Another approach to controlling tree growth is called post-pruning. In this method, the tree is initially allowed to
grow fully and is then pruned by removing its weakest links splits that do not significantly improve the tree's performance.
This process is known as cost complexity pruning.
Cost Complexity Pruning via Tree Score Computation
For a regression tree, the tree score is calculated using the equation below:
\[
\text{Tree Score} = \text{SSR} + \alpha \times |T|
\]
Where:
\(\text{SSR}\) = Sum of squared residuals
\(\alpha\) = Cost complexity parameter (ccp)
\(|T|\) = Size of the tree (number of leaf nodes)

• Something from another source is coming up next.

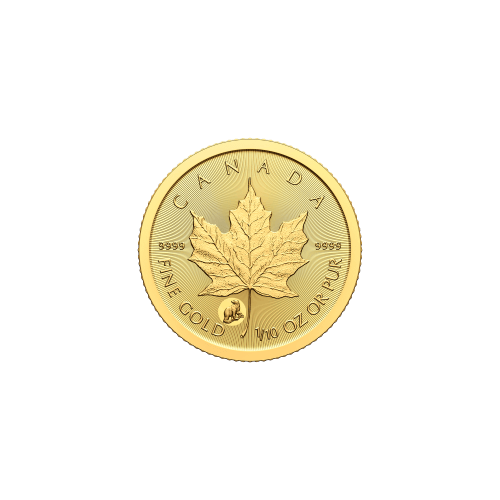 1/10 oz 2024 Treasured Maple Leaf Polar Bear Privy Mark First Strike Gold Coin | Royal Canadian Mint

As the depth of the tree increases, the total SSR on training data keeps decreasing. However, in some cases, new partitions may not contribute significantly to reducing SSR. At this point, while the decrease in SSR is minimal, the \(\alpha \times |T|\) term continues to grow, eventually causing the overall tree score to increase. All splits occurring beyond this point are pruned to optimize the tree's performance.